### SUPPLIED DATA
════════

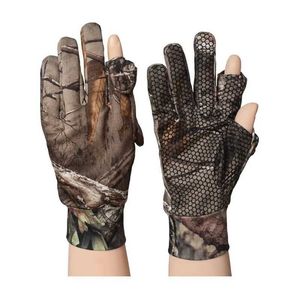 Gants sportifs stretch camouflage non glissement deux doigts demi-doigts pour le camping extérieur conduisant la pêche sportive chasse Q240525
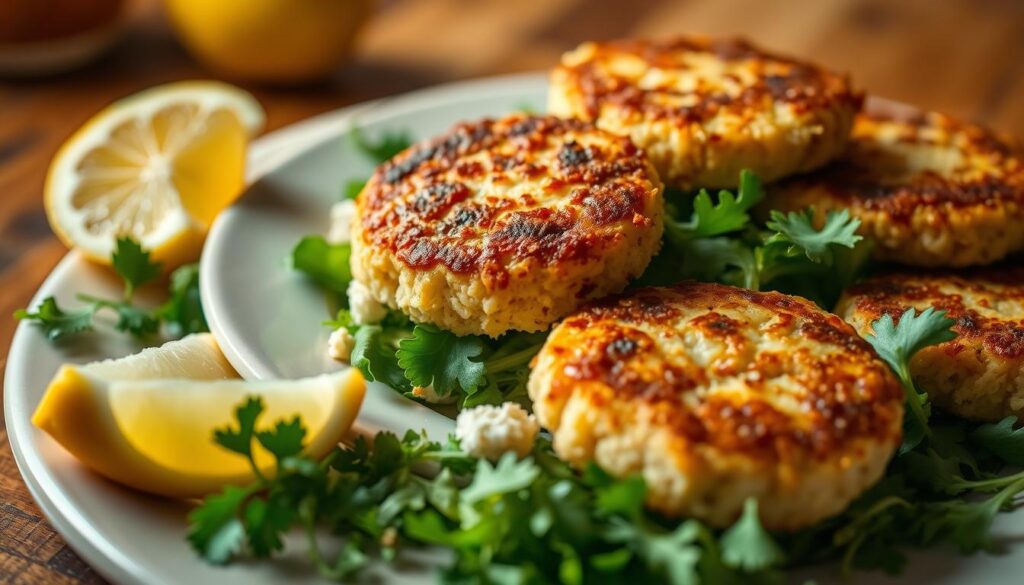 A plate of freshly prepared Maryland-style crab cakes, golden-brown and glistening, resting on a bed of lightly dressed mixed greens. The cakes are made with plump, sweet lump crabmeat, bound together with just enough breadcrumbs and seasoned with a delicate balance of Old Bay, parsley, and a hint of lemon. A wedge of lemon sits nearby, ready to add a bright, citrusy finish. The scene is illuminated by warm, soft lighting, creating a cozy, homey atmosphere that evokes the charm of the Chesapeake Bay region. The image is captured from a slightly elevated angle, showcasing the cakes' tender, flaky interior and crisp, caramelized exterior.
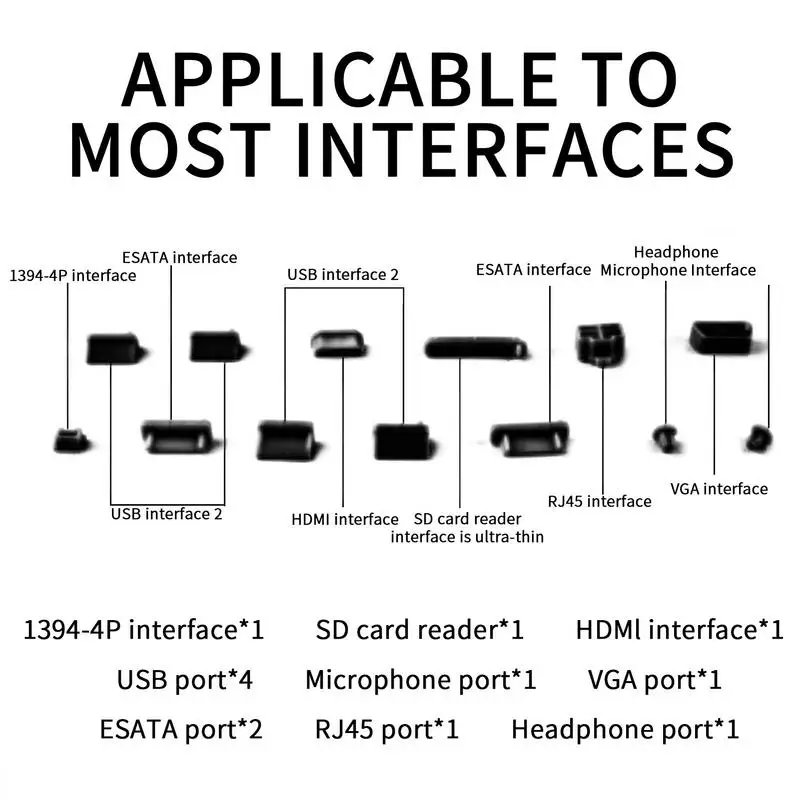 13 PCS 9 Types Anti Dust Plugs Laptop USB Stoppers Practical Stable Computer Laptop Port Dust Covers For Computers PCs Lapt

════════

### ASSIGNMENT
Skip the pictures, please, and transcribe only the lines from the beginning of the material through the one that contains "A plate of freshly".

### REPLY
 Gants sportifs stretch camouflage non glissement deux doigts demi-doigts pour le camping extérieur conduisant la pêche sportive chasse Q240525
 A plate of freshly prepared Maryland-style crab cakes, golden-brown and glistening, resting on a bed of lightly dressed mixed greens. The cakes are made with plump, sweet lump crabmeat, bound together with just enough breadcrumbs and seasoned with a delicate balance of Old Bay, parsley, and a hint of lemon. A wedge of lemon sits nearby, ready to add a bright, citrusy finish. The scene is illuminated by warm, soft lighting, creating a cozy, homey atmosphere that evokes the charm of the Chesapeake Bay region. The image is captured from a slightly elevated angle, showcasing the cakes' tender, flaky interior and crisp, caramelized exterior.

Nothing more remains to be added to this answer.